It's been a few months since I've discussed the Dalluhn Manuscript here. In the intervening time, I have conducted a more thorough study of the document, consulted with forensics experts and early gamers, and assembled my findings to date into a paper that I present here as an "interim appendix" to Playing at the World along with a few exhibits. Those brave few who have complained that they found PatW too short may take solace in this substantial addition. Like the book, this appendix is dense, scholarly reading, but I'm working on a friendlier account that I hope will appear soon (EDIT: in issue #2 of Gygax magazine). For the impatient, I provide a high-level introduction to the evidence below. I believe the paper establishes that the Dalluhn Manuscript preserves the earliest currently known version of the game of Dungeons & Dragons. (EDIT: click here for more confirmation derived from the recent recovery a 1973 Gygax working draft of D&D.)
The publication of this "interim appendix" coincides with a development in the availability of the Dalluhn Manuscript: I have loaned the original copy of this to the National Museum of Play in Rochester, NY. It goes on display there this coming weekend, on April 13th, 2013, as a feature of their Game Time! exhibit, along with many other interesting artifacts from the history of modern gaming. If want to see it first hand, do drop by; there are plenty of other amazing pieces of history on display.
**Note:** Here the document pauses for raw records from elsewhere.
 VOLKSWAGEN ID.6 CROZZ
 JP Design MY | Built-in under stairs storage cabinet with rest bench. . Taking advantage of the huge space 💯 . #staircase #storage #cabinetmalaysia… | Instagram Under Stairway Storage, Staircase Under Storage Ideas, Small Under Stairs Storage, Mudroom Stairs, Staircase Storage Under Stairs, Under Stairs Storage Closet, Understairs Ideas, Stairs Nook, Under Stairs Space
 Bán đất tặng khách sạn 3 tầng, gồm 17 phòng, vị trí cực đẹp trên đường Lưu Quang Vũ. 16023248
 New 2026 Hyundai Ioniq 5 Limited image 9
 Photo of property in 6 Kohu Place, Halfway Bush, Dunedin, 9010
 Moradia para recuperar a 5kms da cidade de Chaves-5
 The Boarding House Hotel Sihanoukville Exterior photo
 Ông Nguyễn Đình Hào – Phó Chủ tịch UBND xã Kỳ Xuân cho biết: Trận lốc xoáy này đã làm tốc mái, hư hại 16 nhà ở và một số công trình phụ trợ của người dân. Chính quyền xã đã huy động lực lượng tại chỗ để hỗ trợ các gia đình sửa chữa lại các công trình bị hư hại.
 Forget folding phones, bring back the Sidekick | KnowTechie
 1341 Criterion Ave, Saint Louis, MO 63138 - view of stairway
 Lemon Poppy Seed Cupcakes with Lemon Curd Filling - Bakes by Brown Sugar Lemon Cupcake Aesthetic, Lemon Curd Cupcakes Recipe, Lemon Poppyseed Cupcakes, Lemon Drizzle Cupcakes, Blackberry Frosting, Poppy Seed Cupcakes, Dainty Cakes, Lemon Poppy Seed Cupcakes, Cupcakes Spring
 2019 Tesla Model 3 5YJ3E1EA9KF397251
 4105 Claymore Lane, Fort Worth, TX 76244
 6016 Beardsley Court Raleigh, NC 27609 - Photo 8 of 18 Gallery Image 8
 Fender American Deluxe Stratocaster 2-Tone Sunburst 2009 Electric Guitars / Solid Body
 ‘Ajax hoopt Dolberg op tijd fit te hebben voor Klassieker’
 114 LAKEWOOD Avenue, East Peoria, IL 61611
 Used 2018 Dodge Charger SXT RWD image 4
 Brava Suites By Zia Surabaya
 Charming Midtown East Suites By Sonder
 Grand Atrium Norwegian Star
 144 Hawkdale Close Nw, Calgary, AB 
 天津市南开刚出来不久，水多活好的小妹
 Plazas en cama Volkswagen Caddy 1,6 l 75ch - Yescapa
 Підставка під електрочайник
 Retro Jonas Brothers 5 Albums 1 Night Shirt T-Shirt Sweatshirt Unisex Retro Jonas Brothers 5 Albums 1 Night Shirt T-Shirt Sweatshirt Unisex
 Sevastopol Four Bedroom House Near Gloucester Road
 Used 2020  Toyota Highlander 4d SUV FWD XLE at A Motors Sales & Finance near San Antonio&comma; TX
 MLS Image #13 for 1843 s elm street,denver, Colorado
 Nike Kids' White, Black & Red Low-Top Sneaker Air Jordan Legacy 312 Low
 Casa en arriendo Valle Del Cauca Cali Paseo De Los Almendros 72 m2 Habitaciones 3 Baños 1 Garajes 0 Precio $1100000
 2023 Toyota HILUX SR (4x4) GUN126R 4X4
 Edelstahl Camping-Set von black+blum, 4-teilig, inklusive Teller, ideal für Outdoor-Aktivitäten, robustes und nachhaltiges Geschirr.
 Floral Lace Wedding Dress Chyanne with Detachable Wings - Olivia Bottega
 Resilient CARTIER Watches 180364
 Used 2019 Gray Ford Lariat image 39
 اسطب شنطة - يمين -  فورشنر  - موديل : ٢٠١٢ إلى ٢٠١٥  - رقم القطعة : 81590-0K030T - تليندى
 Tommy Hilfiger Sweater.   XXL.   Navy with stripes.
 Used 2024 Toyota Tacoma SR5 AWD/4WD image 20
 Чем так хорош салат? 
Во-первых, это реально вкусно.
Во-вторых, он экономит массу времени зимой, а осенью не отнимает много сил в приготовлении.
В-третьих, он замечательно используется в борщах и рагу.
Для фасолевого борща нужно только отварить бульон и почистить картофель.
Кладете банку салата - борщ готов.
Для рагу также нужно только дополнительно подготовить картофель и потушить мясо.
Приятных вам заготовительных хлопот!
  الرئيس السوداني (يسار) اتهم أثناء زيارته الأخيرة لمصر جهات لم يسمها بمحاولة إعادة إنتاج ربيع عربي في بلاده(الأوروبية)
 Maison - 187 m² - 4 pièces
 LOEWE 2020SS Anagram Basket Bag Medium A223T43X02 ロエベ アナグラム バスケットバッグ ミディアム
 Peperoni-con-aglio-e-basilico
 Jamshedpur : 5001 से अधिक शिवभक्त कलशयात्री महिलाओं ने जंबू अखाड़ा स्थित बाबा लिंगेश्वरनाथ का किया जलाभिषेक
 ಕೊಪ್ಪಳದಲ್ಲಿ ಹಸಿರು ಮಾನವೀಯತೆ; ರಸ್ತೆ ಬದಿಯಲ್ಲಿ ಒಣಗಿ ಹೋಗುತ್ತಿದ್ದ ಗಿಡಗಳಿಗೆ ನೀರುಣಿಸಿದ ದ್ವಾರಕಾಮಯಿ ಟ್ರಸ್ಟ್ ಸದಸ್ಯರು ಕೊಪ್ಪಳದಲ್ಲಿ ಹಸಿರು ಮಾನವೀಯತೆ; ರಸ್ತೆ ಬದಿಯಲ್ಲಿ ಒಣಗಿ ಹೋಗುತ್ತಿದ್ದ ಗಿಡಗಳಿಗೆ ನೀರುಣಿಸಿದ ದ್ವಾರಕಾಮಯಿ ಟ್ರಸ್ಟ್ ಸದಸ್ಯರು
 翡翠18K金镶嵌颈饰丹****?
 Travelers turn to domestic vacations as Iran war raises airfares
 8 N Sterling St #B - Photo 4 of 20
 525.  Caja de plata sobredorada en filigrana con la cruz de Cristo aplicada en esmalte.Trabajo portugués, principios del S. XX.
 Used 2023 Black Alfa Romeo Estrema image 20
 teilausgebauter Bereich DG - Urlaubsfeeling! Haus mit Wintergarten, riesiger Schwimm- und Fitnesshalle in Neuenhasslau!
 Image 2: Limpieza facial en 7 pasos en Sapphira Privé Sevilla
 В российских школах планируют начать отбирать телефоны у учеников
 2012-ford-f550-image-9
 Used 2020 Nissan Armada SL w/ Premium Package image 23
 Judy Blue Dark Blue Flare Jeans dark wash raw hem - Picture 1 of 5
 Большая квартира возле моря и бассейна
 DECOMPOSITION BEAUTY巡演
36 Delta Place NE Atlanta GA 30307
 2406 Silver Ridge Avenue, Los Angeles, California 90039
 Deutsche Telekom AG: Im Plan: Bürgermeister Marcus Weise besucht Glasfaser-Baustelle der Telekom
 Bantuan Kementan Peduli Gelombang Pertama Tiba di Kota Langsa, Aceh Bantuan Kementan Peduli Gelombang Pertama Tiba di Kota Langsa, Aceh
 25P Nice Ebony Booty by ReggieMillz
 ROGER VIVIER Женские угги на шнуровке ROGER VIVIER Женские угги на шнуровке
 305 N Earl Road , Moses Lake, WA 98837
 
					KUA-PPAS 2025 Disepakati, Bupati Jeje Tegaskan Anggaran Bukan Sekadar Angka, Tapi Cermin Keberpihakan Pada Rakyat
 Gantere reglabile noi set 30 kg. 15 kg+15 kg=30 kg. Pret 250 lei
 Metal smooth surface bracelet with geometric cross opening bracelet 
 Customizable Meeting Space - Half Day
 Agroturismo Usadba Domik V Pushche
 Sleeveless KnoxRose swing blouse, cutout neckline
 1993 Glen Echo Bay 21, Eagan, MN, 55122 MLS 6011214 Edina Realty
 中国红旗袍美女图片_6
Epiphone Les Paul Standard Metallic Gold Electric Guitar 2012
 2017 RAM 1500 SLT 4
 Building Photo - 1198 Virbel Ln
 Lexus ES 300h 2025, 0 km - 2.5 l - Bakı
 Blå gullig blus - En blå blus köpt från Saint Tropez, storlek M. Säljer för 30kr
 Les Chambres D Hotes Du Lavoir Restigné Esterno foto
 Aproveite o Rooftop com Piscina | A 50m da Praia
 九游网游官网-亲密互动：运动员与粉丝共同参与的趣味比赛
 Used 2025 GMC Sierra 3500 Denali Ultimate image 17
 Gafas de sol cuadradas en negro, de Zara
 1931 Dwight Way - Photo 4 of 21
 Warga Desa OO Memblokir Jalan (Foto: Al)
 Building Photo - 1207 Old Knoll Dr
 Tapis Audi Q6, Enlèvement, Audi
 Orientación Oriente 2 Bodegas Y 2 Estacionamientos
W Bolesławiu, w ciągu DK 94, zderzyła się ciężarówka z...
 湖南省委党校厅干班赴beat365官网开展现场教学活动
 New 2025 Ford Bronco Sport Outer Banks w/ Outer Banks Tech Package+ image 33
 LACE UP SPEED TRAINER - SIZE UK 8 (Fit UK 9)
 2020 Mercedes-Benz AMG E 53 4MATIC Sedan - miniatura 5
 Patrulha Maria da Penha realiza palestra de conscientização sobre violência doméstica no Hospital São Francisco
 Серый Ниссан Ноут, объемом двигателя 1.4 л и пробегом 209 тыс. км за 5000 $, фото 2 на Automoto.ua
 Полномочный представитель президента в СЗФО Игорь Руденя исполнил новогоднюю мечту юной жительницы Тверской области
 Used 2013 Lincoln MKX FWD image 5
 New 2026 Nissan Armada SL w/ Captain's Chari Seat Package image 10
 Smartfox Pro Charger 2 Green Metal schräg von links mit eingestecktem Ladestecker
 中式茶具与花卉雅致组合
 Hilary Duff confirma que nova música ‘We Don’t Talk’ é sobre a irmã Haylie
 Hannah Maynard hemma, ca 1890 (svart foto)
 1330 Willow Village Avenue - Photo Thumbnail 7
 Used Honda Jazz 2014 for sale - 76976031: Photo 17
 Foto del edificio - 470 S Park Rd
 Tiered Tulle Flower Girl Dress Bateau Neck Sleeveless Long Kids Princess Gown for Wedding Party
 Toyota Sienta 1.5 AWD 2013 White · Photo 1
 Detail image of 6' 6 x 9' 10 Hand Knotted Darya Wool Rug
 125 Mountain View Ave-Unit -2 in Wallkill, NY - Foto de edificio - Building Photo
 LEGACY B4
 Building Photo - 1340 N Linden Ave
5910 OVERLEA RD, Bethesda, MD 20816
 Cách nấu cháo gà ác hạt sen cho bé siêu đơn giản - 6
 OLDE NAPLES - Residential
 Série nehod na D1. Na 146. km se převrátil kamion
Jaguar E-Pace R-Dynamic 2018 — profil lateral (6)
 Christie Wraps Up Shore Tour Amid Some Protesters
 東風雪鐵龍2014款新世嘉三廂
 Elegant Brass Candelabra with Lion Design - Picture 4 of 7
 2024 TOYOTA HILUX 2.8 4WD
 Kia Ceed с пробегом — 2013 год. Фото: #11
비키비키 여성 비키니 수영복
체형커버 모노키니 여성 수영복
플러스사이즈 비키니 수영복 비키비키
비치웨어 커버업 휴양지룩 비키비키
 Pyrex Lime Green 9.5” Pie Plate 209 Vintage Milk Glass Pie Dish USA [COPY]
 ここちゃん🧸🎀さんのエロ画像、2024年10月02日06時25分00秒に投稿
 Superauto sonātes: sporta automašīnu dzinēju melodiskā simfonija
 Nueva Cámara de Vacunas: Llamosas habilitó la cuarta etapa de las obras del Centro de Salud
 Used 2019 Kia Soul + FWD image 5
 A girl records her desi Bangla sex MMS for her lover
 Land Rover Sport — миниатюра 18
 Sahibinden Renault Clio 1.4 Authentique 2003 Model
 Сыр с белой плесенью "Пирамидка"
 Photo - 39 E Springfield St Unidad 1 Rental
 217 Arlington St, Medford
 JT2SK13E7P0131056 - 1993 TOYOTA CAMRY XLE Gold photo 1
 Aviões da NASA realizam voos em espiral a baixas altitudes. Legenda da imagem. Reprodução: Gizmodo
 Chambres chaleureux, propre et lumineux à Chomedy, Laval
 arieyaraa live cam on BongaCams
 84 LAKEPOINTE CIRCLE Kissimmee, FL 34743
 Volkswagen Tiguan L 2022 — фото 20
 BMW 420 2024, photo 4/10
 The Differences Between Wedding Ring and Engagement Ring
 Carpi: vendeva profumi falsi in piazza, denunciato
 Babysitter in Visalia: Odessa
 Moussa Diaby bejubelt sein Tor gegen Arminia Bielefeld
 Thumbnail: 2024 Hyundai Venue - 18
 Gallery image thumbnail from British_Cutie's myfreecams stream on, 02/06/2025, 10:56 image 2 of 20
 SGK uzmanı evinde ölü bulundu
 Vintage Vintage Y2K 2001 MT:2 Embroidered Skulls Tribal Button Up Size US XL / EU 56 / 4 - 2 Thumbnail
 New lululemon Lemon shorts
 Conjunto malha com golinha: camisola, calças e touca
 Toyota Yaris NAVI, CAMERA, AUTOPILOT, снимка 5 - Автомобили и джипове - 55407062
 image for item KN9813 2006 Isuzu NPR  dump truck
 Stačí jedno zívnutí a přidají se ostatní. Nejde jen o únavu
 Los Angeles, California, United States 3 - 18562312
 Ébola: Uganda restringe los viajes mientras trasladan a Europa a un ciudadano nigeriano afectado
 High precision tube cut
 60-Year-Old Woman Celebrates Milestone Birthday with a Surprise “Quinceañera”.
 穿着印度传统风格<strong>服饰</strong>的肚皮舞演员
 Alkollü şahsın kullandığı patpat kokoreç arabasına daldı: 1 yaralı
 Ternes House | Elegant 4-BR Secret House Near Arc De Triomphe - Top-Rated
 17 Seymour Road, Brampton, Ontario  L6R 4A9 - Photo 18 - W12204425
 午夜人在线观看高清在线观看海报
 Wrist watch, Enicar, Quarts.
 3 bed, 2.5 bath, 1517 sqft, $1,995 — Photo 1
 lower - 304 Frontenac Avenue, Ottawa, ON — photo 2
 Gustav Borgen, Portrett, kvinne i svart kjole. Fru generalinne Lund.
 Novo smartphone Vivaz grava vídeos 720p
For those interested in a preview of the content of the paper, without the technical detail, here are a few highlights.
First of all, the paper explores crucial editorial mistakes in the production of the earliest version of original Dungeons & Dragons (OD&D). These are cases where some passages in OD&D are inconsistent with the remainder of the text in a way that hints at what early drafts of OD&D must have looked like. Previously, these have been curiosities to scholars of OD&D. Why does the elemental monster text refer to elemental controlling devices as "medallions, gems, stones or bracelets" instead of the names in the magical item list? Why does the languages passage refer to alignment languages as "divisional" languages? How did the percentage range for the "Ring of Delusion" end up broken? With the Dalluhn Manuscript in hand, we can find answers to all of these questions: each inconsistency points to the content of an earlier draft, a pre-publication system which is preserved in the Dalluhn Manuscript. For "divisional languages," for example, we learn that "dvision" was the name for "alignment" in Dalluhn.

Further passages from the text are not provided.